RARE: Retrieval-Aware Robustness Evaluation for Retrieval-Augmented Generation Systems
Yixiao Zeng, Tianyu Cao, Danqing Wang, Xinran Zhao, Zimeng Qiu, Morteza Ziyadi, Tongshuang Wu, Lei Li
TL;DR
RARE tackles robustness evaluation for retrieval-augmented generation in time-sensitive domains by introducing a unified framework and dynamic benchmark. It combines RARE-Get (knowledge-graph–driven data synthesis), RARE-Set (527 documents and 48,295 questions across finance, economics, and policy), and RARE-Met (retrieval-aware robustness metrics) to stress-test queries and documents under systematic perturbations and real-world retrieval. The framework reveals that contemporary RAG systems are fragile under perturbations, with multi-hop reasoning notably less robust than single-hop and with domain-specific variations influencing performance. By enabling automatic, evolution-friendly benchmark generation, RARE aims to drive development of more robust, reliable RAG systems for real-world, time-sensitive applications.
Abstract
Retrieval-Augmented Generation (RAG) enhances recency and factuality in answers. However, existing evaluations rarely test how well these systems cope with real-world noise, conflicting between internal and external retrieved contexts, or fast-changing facts.
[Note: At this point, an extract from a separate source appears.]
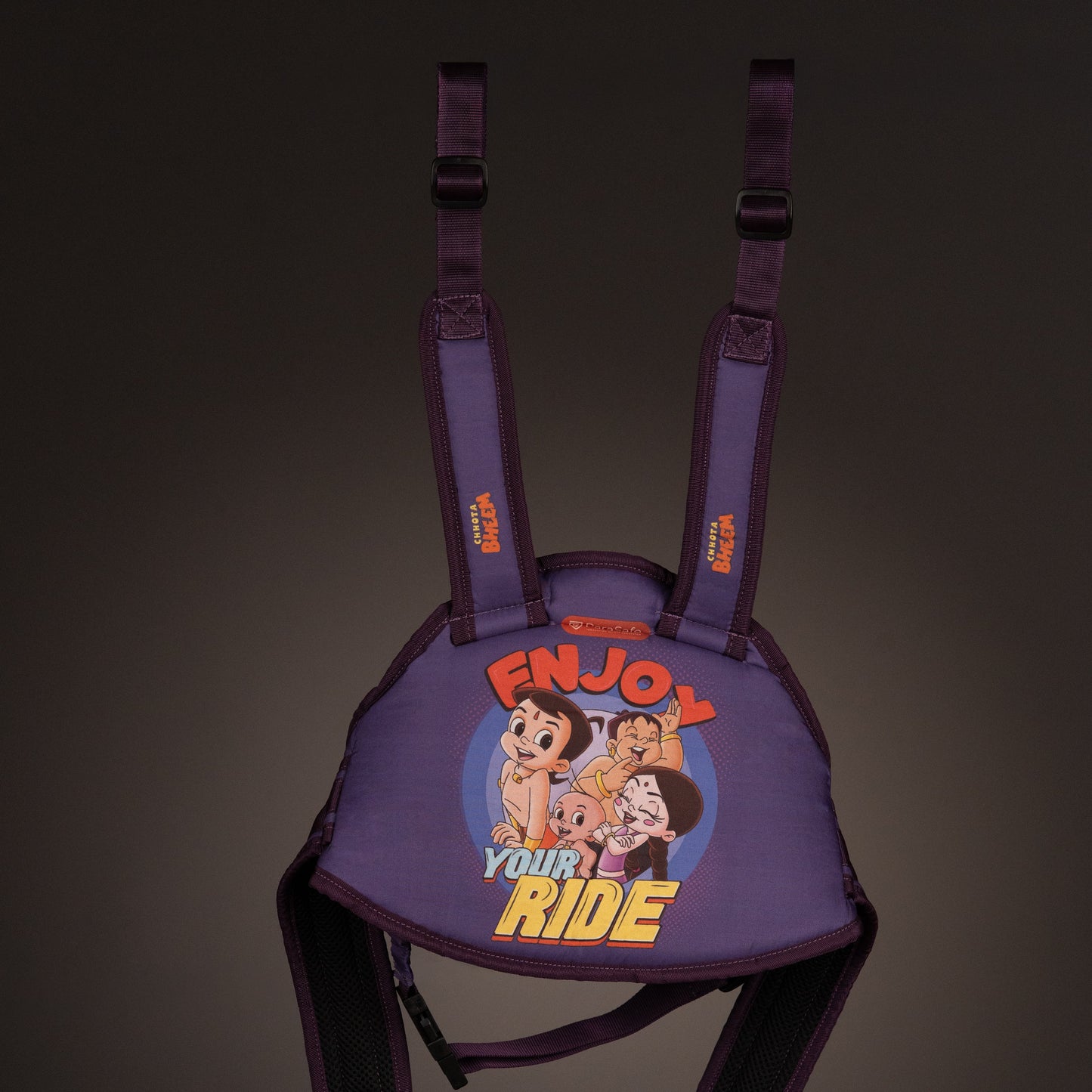 ParaSafe Purple children's safety harness with cartoon characters and text on a dark background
We introduce Retrieval-Aware Robustness Evaluation (RARE), a unified framework and large-scale benchmark that jointly stress-tests query and document perturbations over dynamic, time-sensitive corpora. One of the central features of RARE is a knowledge-graph-driven synthesis pipeline (RARE-Get) that automatically extracts single and multi-hop relations from the customized corpus and generates multi-level question sets without manual intervention. Leveraging this pipeline, we construct a dataset (RARE-Set) spanning 527 expert-level time-sensitive finance, economics, and policy documents and 48295 questions whose distribution evolves as the underlying sources change. To quantify resilience, we formalize retrieval-conditioned robustness metrics (RARE-Met) that capture a model's ability to remain correct or recover when queries, documents, or real-world retrieval results are systematically altered. Our findings reveal that RAG systems are unexpectedly sensitive to perturbations. Moreover, they consistently demonstrate lower robustness on multi-hop queries compared to single-hop queries across all domains.